This repository is part of the artifact evaluation of the paper ``FlowChronicle: Synthetic Network Flow Generation through Pattern Set Mining'' accepted at the CoNEXT'24 conference in Los Angeles.
The reader will find in this repository everything needed to reproduce the training and generation of the FlowChronicle model, as well as the different data and functions required to evaluate it.
Please follow these instructions carefully to reproduce the content of the paper.
First, clone the repository in your working environment using your preferred method (ssh, gh, etc..)

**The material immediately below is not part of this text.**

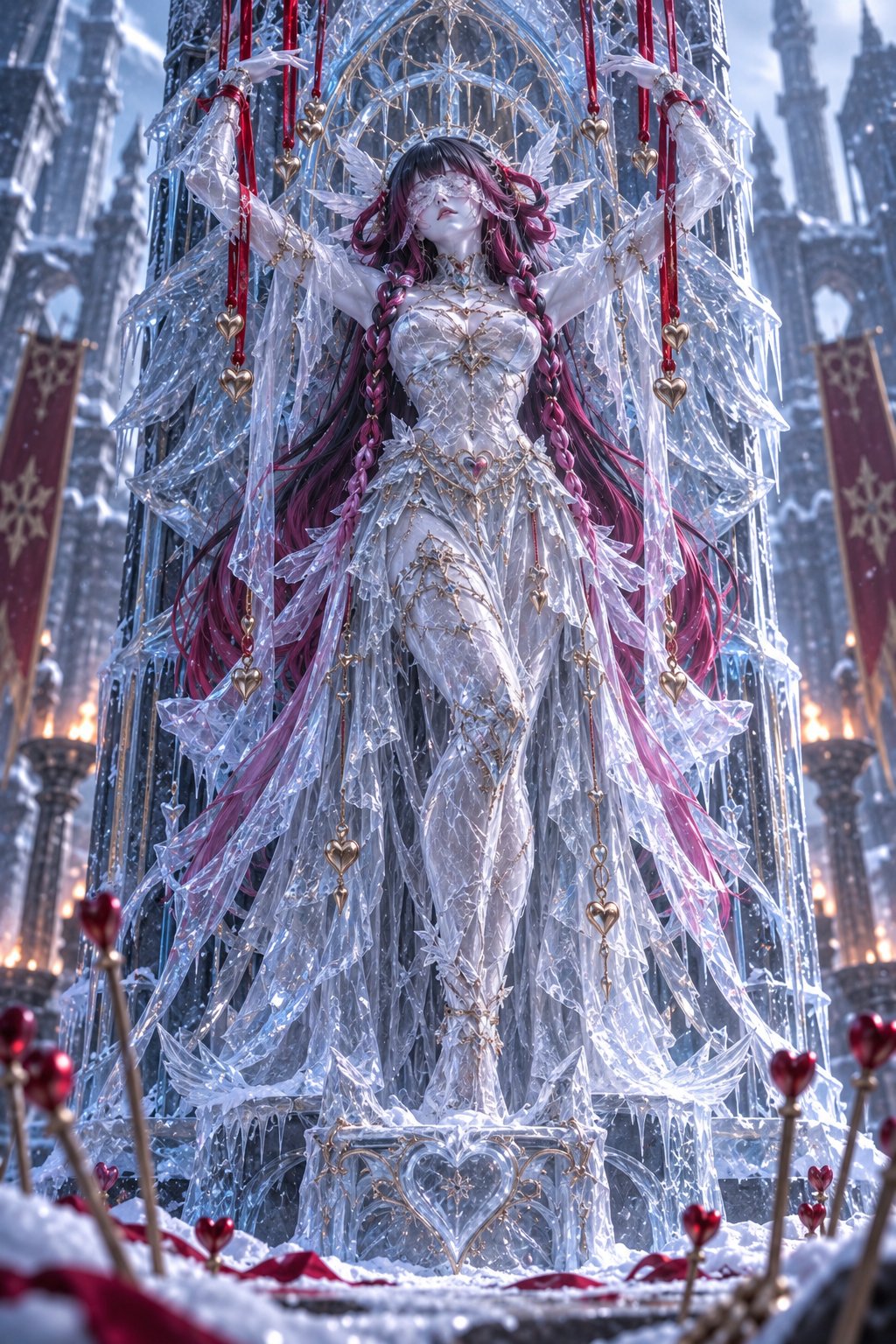 氷の少女 氷彫刻コスプレ — AI image prompt — GPT Image 2.5 — Cinematic, Fantasy, Portrait - 4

git clone git@github.com:joschac/FlowChronicleCoNEXT.git
Please download the two archives following this link: https://drive.google.com/drive/folders/1M4737El_lPQVX8k5YXkLKkTnk3wo73-R Unpack the content of the two archives in their respective folder.
In order to facilitate the reproducibility of our findings, our application and its dependencies are embedded inside a Docker container. Please build it by launching the following command inside the Flowhronicle repository:
docker build -f setup/Dockerfile -t flwchncl .
If using Docker is impossible, please create a virtual environment and install the dependencies of setup/requirements.txt:
cd setup
python3 -m venv venv
source venv/bin/activate
pip install -r requirements.txt
Make sure, in this case, that your version of Python is superior to 3.10.
After having built it, run the container to get into our /app/ directory as the root
docker run -it -p 8888:8888 flwchncl
Inside /app/, simply run the our_train_and_generate.py in order to train a model and generate new network flows
python3 our_train_and_generate.py
Training a new model from scratch can be really long and computationally intensive. For just generating new data from an already preexisting model, do:
python3 generate_from_model.py
If training or generating new data is impossible, it is still possible to inspect the data that we generate ourselves.
The network flows generated by our model are at data/our_syn.csv
Regardless of what has been done at the prior step, the different evaluations led in Section 7 of the paper can be reproduced with the experiments.ipynb notebook
Inside the /app/ directory of the container, please do
jupyter notebook --ip=0.0.0.0 --port=8888 --no-browser --allow-root
The Notebook server is launched inside the container, click on one of the URLs (usually one of them should be http://localhost:8888/ if you are working locally) and open experiments.ipynb inside the server.
The notebook contains all the instructions for reproducing the results of the experiment of Section 7.
If the reader wants to recreate the actual tables and figures of the papers, he might feel free to use our own generated data for both FlowChronicle and the baselines; they can be found inside the results/ directory.